Bug #90231 Auto-configuration with innodb_dedicated_server does not consider cgroup limits
Submitted: 27 Mar 2018 15:31 Modified: 5 Apr 2018 9:07
Reporter: Fernando Ipar (OCA) Email Updates:
Status: Won't fix Impact on me:
None 
Category:MySQL Server: InnoDB storage engine Severity:S3 (Non-critical)
Version:8 OS:Linux
Assigned to: CPU Architecture:Any

[27 Mar 2018 15:31] Fernando Ipar
Description:
When using innodb_dedicated_server to auto-configure Innodb's settings in an environment with memory limited by cgroups, this limit is ignored and total memory size is used for the calculation. 

How to repeat:
I can reproduce this with Docker but any way to start mysqld while limiting memory via cgroups should do. 

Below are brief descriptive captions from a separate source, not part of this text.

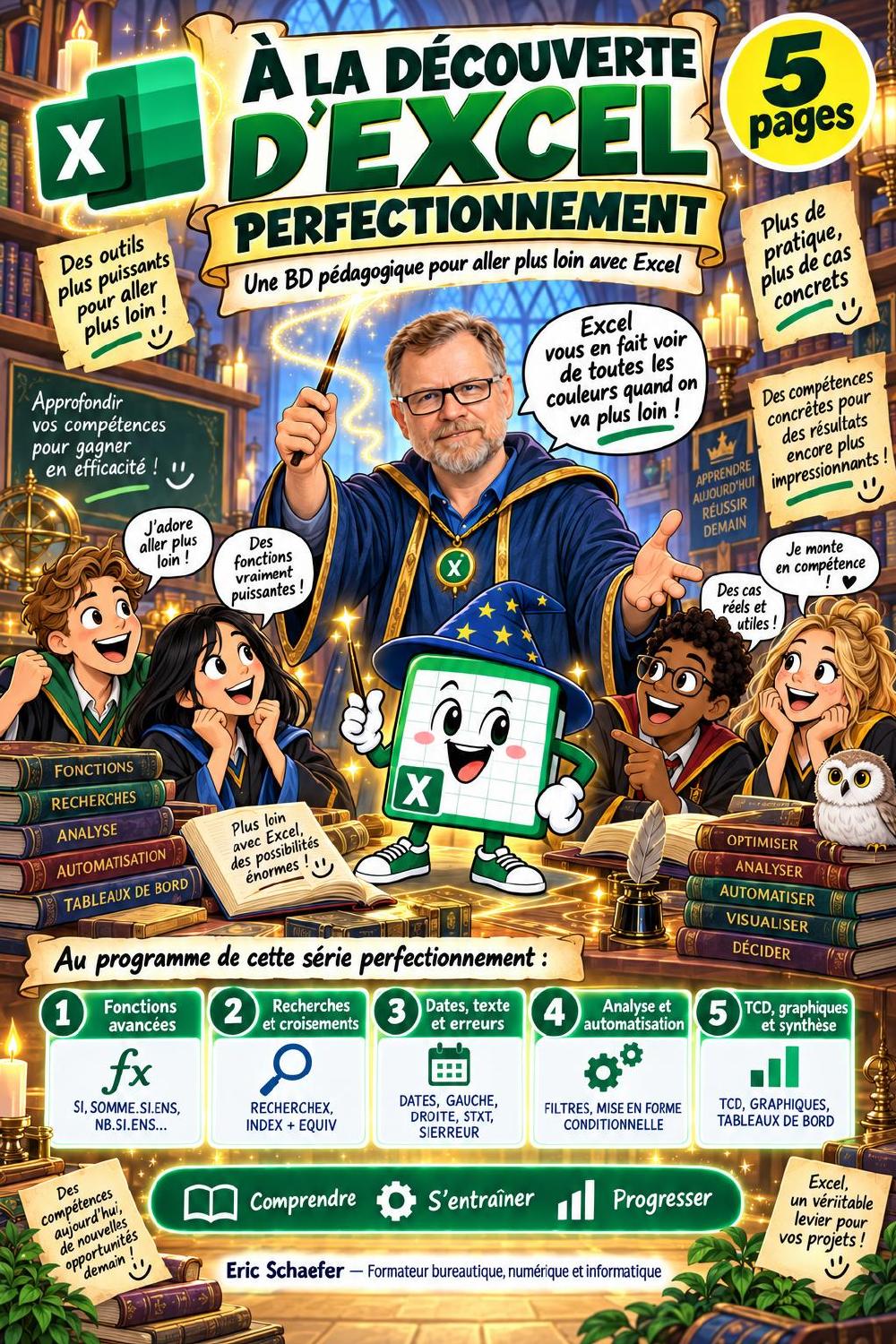 Couverture de la BD pédagogique À la découverte d’Excel perfectionnement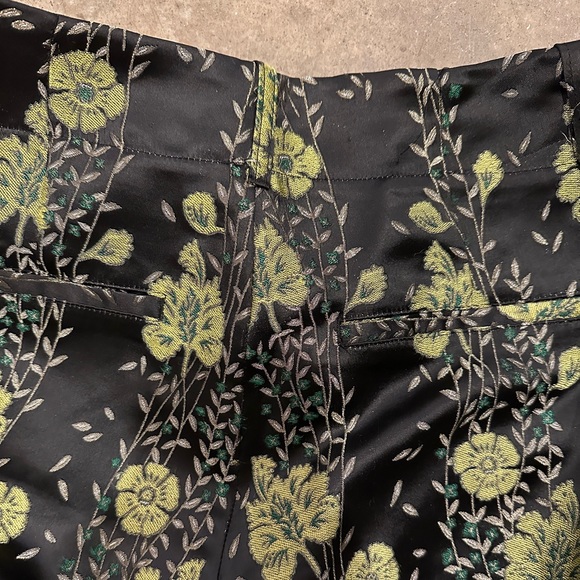 Scotch & Soda embroidered green floral jacquard pants, tailored cropped fit - Picture 4 of 4
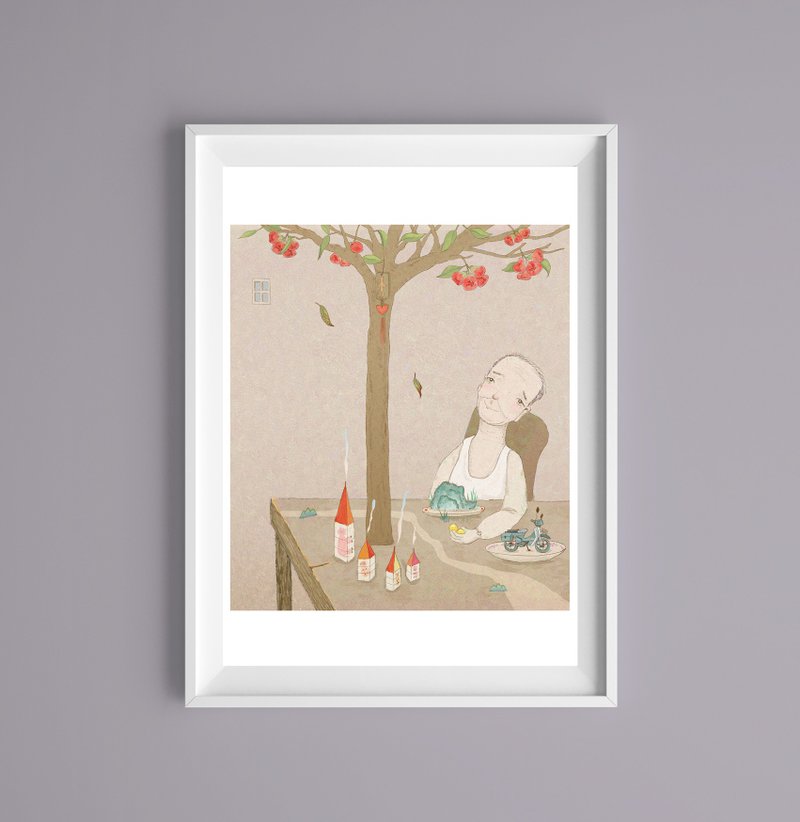 艹方限量作品 爷爷的餐桌 葡萄牙双年展入选 艺术微喷 居家布置 - 海报/装饰画/版画 - 纸 卡其色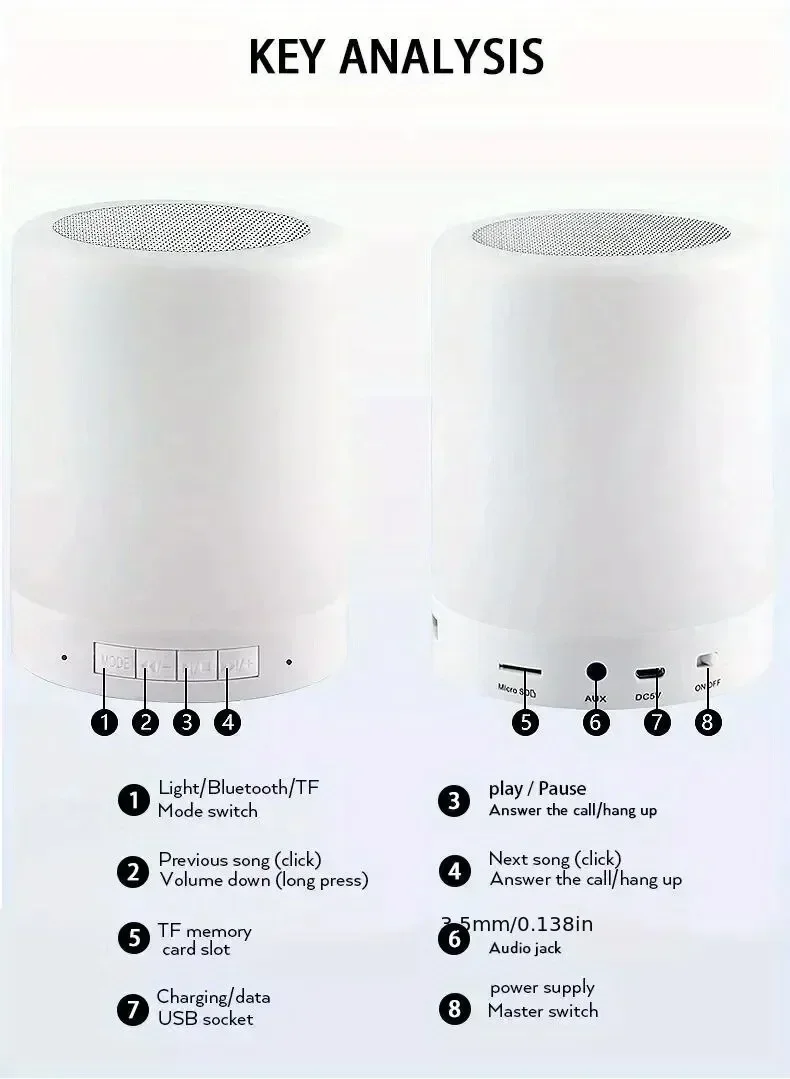 Altavoz Bluetooth inalámbrico, minialtavoces para público, luz táctil, LED colorido, atenuación nocturna, lámpara de mesa de ambiente para Pc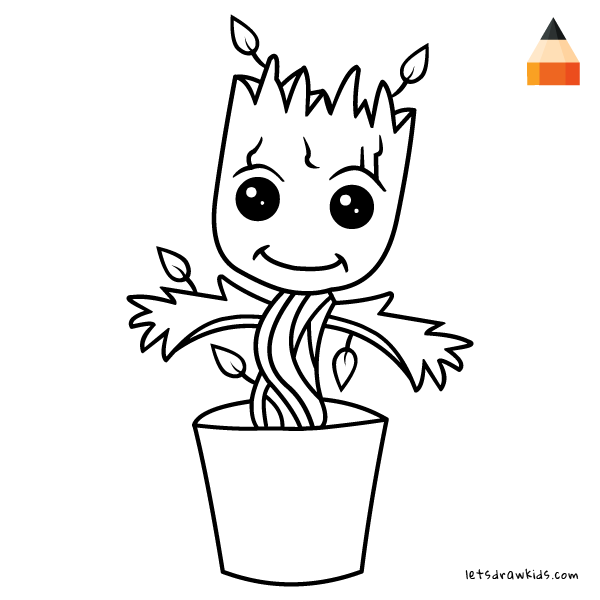 Easy How To Draw Baby Groot Sketch with Realistic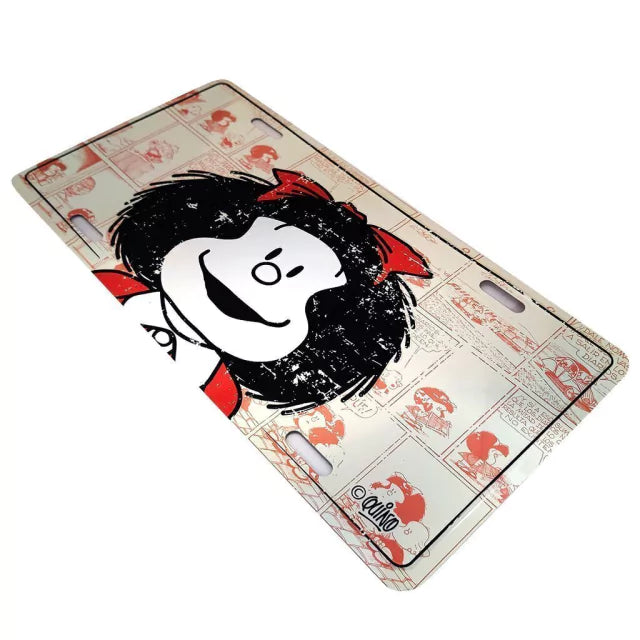 Smiling Mafalda Large Aluminum Plaque | 30 cm x 15 cm | Unique Decor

Start a docker container with memory limited to 256MB: 

telecaster:tmp fipar$ docker run --name mysql8 -e MYSQL_ROOT_PASSWORD=password -v ~/tmp/:/etc/mysql/conf.d -m '256m' -d mysql:8
97432ea4521c0f74d7500a4042c289801a4fde81183ab4a2b218d607196983cd

On ~/tmp/ I have this config file: 

telecaster:tmp fipar$ cat innodb_dedicated_server.cnf
[mysqld]
innodb_dedicated_server=1

Verify that the memory limit is applied to the container: 

telecaster:tmp fipar$ docker exec -it mysql8 bash

root@97432ea4521c:/# cat /sys/fs/cgroup/memory/memory.limit_in_bytes
268435456

Verify that the configuration is not applied as expected: 

mysql -ppassword -e 'select @@innodb_dedicated_server, @@innodb_buffer_pool_size'
mysql: [Warning] Using a password on the command line interface can be insecure.
+---------------------------+---------------------------+
| @@innodb_dedicated_server | @@innodb_buffer_pool_size |
+---------------------------+---------------------------+
|                         1 |                1073741824 |
+---------------------------+---------------------------+

The auto configuration does make sense if we consider the total memory on the docker host where the containers run: 
root@97432ea4521c:/# head -1 /proc/meminfo
MemTotal:        2046940 kB

It is applying the rule if <=4G then set to .5 * total ram. 

Suggested fix:
If memory is limited by cgroups then use this value to calculate values for innodb_buffer_pool_size and innodb_log_file_size
[2 Apr 2018 13:49] MySQL Verification Team
Thanks for the submission. Looks like a bug on our side - verified as described.

all best
Bogdan
[4 Apr 2018 13:02] Krzysztof Kapuscik
Posted by developer:
 
Current implementation uses sysconf() to get available memory size. The cgroups feature is used by docker to set the limits; cgroups settings do not affect sysconf() or /proc/mem so the memory limit check would need to be extended.
[5 Apr 2018 8:50] Krzysztof Kapuscik
Posted by developer:
 
Short:
There is no easy and portable way to get the memory limits for application.

Long:
The amount of total memory available could be read from multiple places (/proc/mem, sysinfo, sysconf, ...).
The amount of memory available for an application could be limited by cgroups and rlimit.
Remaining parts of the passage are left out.